I will leave you with a question to ponder: If we are to exclusively include HIIT (at least 2x/wk as suggested in article) into an elite endurance runners program, how do we manage potential for injuries (think tendonopathy and other "overuse" injuries? Do we also need to include strengthening into endurance runners programs? How do we balance HIIT, strengthening, and running? Thoughts?
What are training percentages and how do I use them? Training percentages vary depending on one's training goals and frequency. However, many people get confused with load and volume when trying to sort out training percentages. First and foremost one must establish a 1RM to properly implement training percentages into a program. In this article, the author breaks down an easy way to begin implementing training percentages into a program depending on whether your goal is max strength, speed strength, or explosive strength. Additionally, ways to discover a 1RM without pure max testing is discussed. Ultimately, the best way to establish a 1RM is to test it properly and a way to do that is documented. Training percentages can be much more complex then what is detailed in the article but this is a good starting point for understanding why training percentages are important for an effective training regimen.
Postactivation Potentiation or PAP has been a technique that has been researched and thrown around in strength/conditioning circles for quite some time now. In this blog post by Bret Contreras, respected strength coach and co-author of "The strength of evidence podcast" does a very nice job of summing up all the recent evidence and includes additional posts from other respected strength coaches like Charles Poliquin.
So what is PAP before you read the post? Well, I quote:
"The underlying principle surrounding PAP is that prior heavy loading induces a high degree of central nervous system stimulation, resulting in greater motor unit recruitment and force, which can last from five-to-thirty minutes (Chiu, Fry, Weiss, et al., 2003; Rixon, Lamont, & Bemden, 2007)"
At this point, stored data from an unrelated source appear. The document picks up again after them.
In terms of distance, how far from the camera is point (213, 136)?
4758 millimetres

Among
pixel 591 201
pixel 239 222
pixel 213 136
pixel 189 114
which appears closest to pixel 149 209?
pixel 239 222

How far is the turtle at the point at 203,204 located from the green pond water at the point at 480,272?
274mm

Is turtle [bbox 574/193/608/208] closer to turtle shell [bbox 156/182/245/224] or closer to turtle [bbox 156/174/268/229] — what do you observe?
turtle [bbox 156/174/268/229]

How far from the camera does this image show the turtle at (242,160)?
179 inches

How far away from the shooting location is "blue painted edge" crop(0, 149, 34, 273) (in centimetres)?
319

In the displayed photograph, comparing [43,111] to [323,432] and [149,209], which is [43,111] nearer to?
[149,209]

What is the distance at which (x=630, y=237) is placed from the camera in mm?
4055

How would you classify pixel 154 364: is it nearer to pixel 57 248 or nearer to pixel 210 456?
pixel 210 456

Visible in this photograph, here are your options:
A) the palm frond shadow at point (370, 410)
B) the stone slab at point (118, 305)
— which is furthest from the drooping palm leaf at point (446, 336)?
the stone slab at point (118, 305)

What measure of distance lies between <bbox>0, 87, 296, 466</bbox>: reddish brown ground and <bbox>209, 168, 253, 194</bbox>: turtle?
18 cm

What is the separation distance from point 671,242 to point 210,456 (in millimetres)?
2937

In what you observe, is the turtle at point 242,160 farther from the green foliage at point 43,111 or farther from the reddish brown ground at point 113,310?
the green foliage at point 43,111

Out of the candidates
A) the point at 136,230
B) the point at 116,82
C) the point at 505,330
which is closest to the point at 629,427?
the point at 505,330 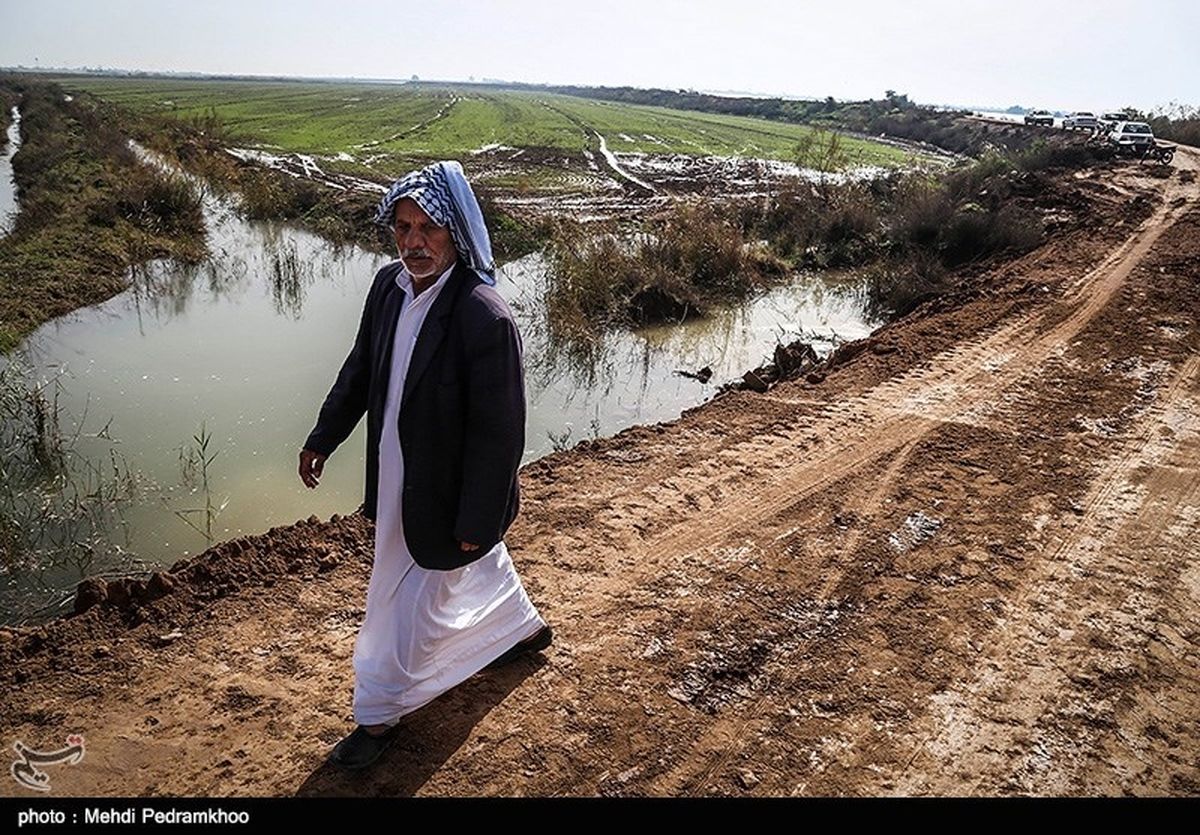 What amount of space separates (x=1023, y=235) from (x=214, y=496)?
1199 cm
For example, one might perform a heavy resistance exercise such as squats, followed up by a vertical jump. It is thought that the vertical jump would be increased due to the increased muscle activation and CNS activity from the heavy squat.
Typically, there are two theories for how PAP works. One theory involves an increase in a phosphate for the synthesis of ATP of myosin regulatory light chains, which are proteins of muscle contraction, during a MVC. Essentially what this does is allows actin and myosin binding to be more active due to calcium irons released, which as we know leads to enhanced force production of muscle. When a max voluntary contraction occurs, there is greater muscle activation which means a greater time calcium ions are in the sarcoplasm and therefore the greater the phosphorylation of myosin light chains. What's this all mean? Faster rates of tension and contraction rates.
The other theory involves the H-Reflex, short for Hoffman Reflex. This reflex is basically the spinal reflex extracted by the group 1a afferent muscle nerves becoming excited. The group 1a afferent muscle nerves are special nerves conducting impulses to muscle. What is believed is that the H-reflex is enhanced with PAP. This means the rate and efficiency of nerve muscles is greater.